Multiagent Orchestration: One Session, Multiple Specialists
When a task is too broad for a single agent to handle well, Multiagent Orchestration lets a coordinator agent break it into pieces and hand each to a specialist with its own model, system prompt, and tool access. Specialists run in parallel on a shared filesystem, each with an isolated context window and persistent thread history.
Netflix’s platform team uses this pattern to analyze build logs: hundreds of builds are processed in parallel batches by specialist agents, and the coordinator surfaces only the recurring patterns worth acting on. The alternative — a single agent doing sequential analysis — is both slower and more likely to lose signal in the noise.

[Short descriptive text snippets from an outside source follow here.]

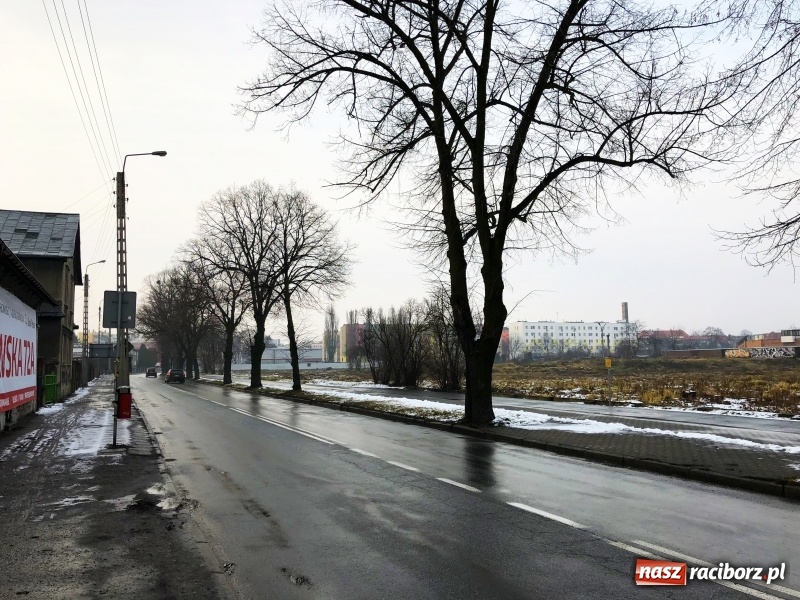 Zdjęcie w galerii na portalu naszraciborz.pl: Drzewa na Łąkowej czeka wycinka. Czy istnieje alternatywne rozwiązanie? wiadomości z regionu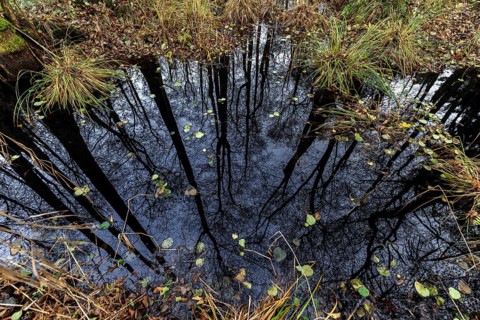 Moorland in the pristine Darßwald, trees are reflected in moor water, Darß, Fischland-Darß-Zingst,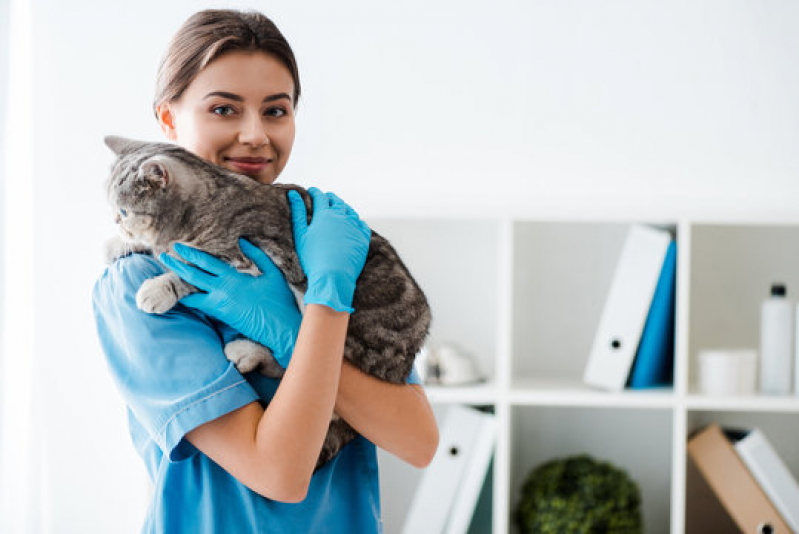 Clínica Especializada em Exame de Fezes para Gato Jardim Castelo - Exames de Urina para Animais Silvestres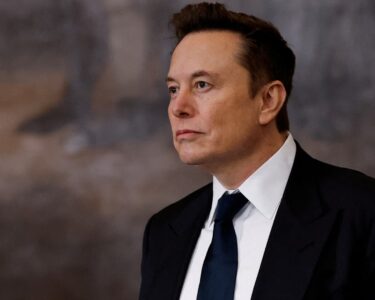 U.S. judge declines to block Elon Musk's DOGE from Labor Department systems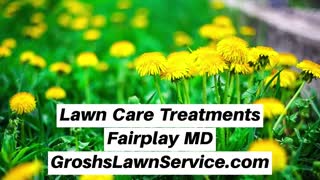 Lawn Care Treatments Fairplay MD Lawn Service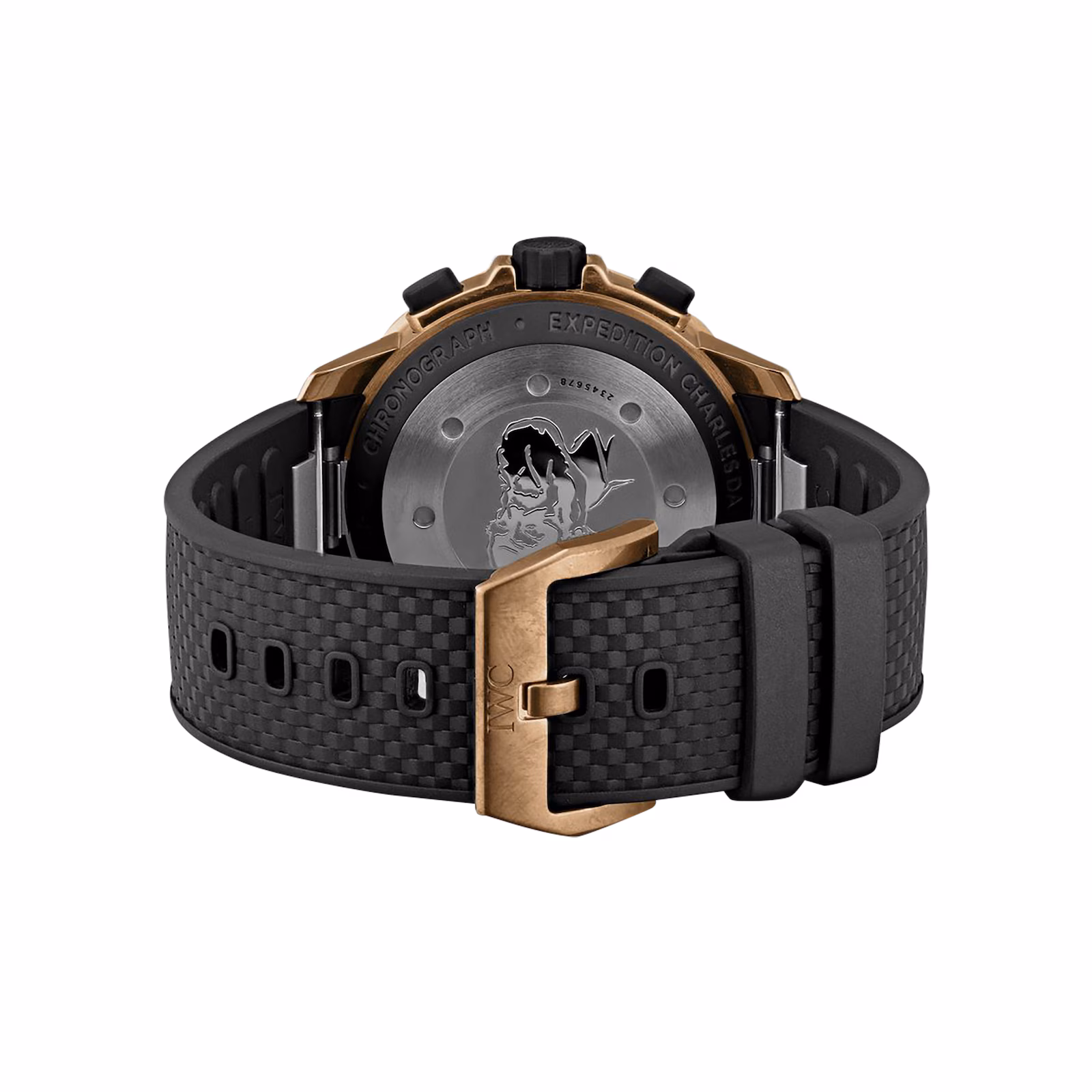 【Super Clone】IWC Aquatimer 'Expedition Charles Darwin' 44mm Mens Watch IW379503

Setup requires one configuration change on the coordinator agent: set multiagent.type to "coordinator" and list the specialist agents in the roster. The platform supports up to 20 unique agents and 25 concurrent threads, with one delegation level. The Claude Console shows full delegation and execution order for every session, which makes debugging multi-agent flows significantly less painful.
Where to Start
If you are already running Managed Agents in production, Outcomes is the highest-leverage starting point. It requires no waitlist, is measurable from the first deployment, and the rubric-based approach fits naturally into any task with defined success criteria. Define a rubric for your most critical agent task, set max_iterations to 3, and compare success rates before and after.
For Dreaming, build your memory architecture now using the Memory API — already in public beta — and apply for research preview access. Treat Dreaming as the upgrade layer: get your memory structure solid first, add Dreaming once you have access.
Multiagent Orchestration makes sense when you have a task that naturally parallelizes or requires domain expertise that is hard to pack into a single system prompt. Do not adopt it because it is new — adopt it when your single-agent solution hits a ceiling. Full documentation is at platform.claude.com/docs/en/managed-agents/overview and the official announcement has the full benchmark data.